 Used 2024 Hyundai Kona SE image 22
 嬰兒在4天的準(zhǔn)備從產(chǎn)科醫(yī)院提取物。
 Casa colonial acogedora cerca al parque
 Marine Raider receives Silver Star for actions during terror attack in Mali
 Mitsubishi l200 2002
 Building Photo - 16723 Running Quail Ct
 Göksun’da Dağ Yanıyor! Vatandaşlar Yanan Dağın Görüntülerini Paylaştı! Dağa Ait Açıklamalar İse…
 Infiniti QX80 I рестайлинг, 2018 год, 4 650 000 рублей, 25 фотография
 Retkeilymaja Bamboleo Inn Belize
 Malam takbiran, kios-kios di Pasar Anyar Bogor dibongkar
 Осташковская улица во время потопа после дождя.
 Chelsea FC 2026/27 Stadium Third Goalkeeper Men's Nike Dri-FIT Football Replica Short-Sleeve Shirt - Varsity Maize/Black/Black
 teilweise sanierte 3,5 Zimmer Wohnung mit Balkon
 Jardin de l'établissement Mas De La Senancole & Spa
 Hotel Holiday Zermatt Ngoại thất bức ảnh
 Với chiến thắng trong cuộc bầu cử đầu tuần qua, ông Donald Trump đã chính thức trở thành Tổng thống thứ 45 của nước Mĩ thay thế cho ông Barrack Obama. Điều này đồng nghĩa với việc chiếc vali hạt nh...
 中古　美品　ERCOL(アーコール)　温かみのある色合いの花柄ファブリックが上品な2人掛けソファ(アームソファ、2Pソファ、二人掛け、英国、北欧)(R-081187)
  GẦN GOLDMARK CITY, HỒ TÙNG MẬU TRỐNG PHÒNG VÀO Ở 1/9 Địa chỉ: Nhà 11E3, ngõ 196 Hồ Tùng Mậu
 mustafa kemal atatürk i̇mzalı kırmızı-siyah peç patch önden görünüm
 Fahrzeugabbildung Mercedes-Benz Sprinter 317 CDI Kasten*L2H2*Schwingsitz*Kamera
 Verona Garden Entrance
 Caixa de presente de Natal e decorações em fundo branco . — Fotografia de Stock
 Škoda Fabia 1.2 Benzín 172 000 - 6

________________

### PROBLEM TO WORK ON
Reproduce the records above exactly, starting with the line that contains "GẦN GOLDMARK CITY, HỒ" and ending with the last line.

### SOLUTION FOR THIS TASK
  GẦN GOLDMARK CITY, HỒ TÙNG MẬU TRỐNG PHÒNG VÀO Ở 1/9 Địa chỉ: Nhà 11E3, ngõ 196 Hồ Tùng Mậu
 mustafa kemal atatürk i̇mzalı kırmızı-siyah peç patch önden görünüm
 Fahrzeugabbildung Mercedes-Benz Sprinter 317 CDI Kasten*L2H2*Schwingsitz*Kamera
 Verona Garden Entrance
 Caixa de presente de Natal e decorações em fundo branco . — Fotografia de Stock
 Škoda Fabia 1.2 Benzín 172 000 - 6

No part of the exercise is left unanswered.